** DATA EXTRACT **
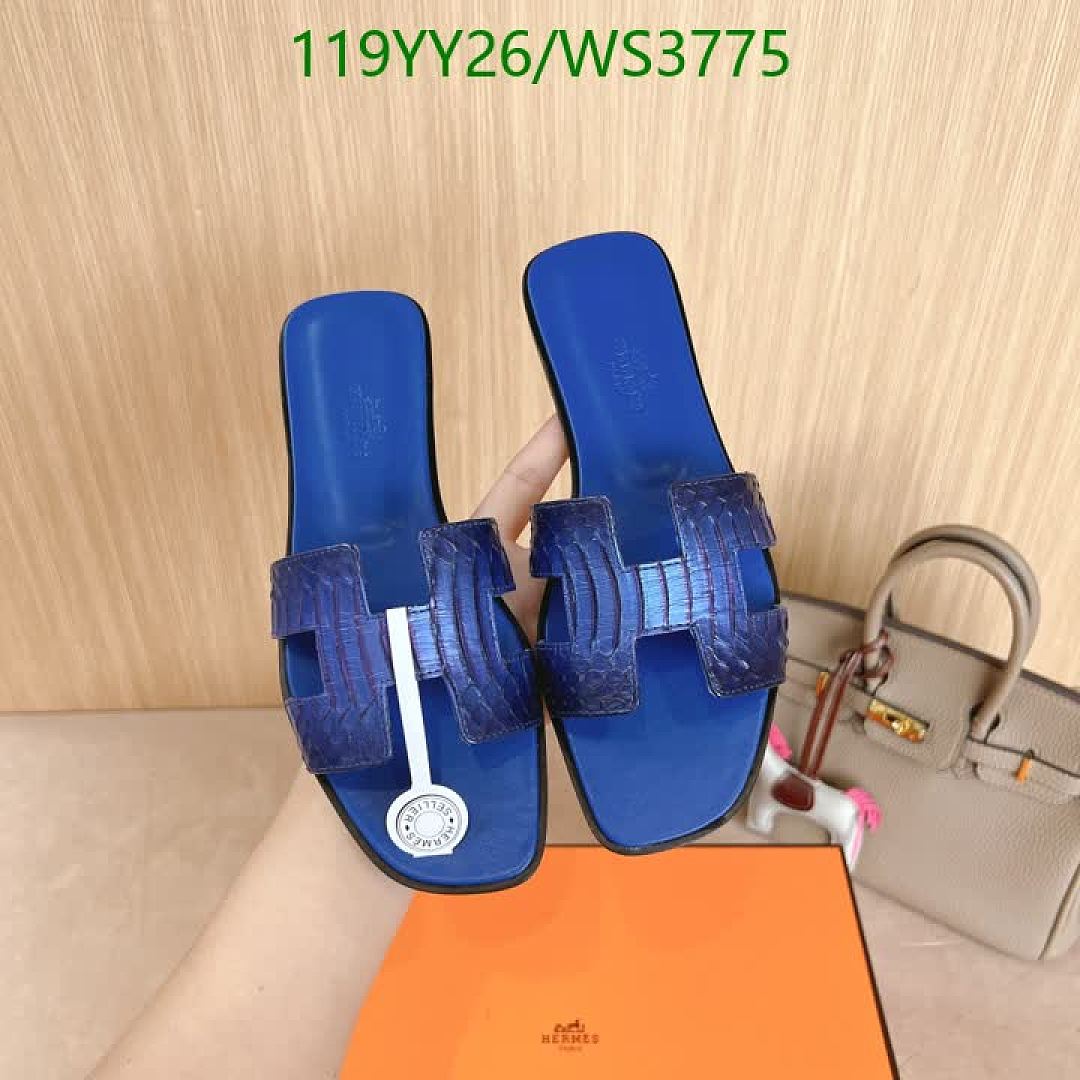 Hermes-Women Shoes Code: WS3775 $: 119USD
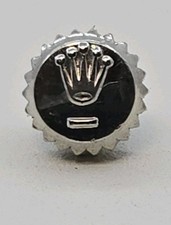 Rolex Crown 6mm , 24 600 0, Stainless Steel, AAA Condition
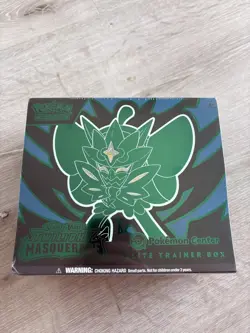 Twilight Masquerade POKEMON CENTER Elite Trainer Box ETB SEALED Pokemon TCG - Image 1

** THE PROBLEM **
Each line of the listing above must be given again exactly; the pictures are to be left out.

** SOLUTION TO THIS EXERCISE **
 Hermes-Women Shoes Code: WS3775 $: 119USD
 Rolex Crown 6mm , 24 600 0, Stainless Steel, AAA Condition
 Twilight Masquerade POKEMON CENTER Elite Trainer Box ETB SEALED Pokemon TCG - Image 1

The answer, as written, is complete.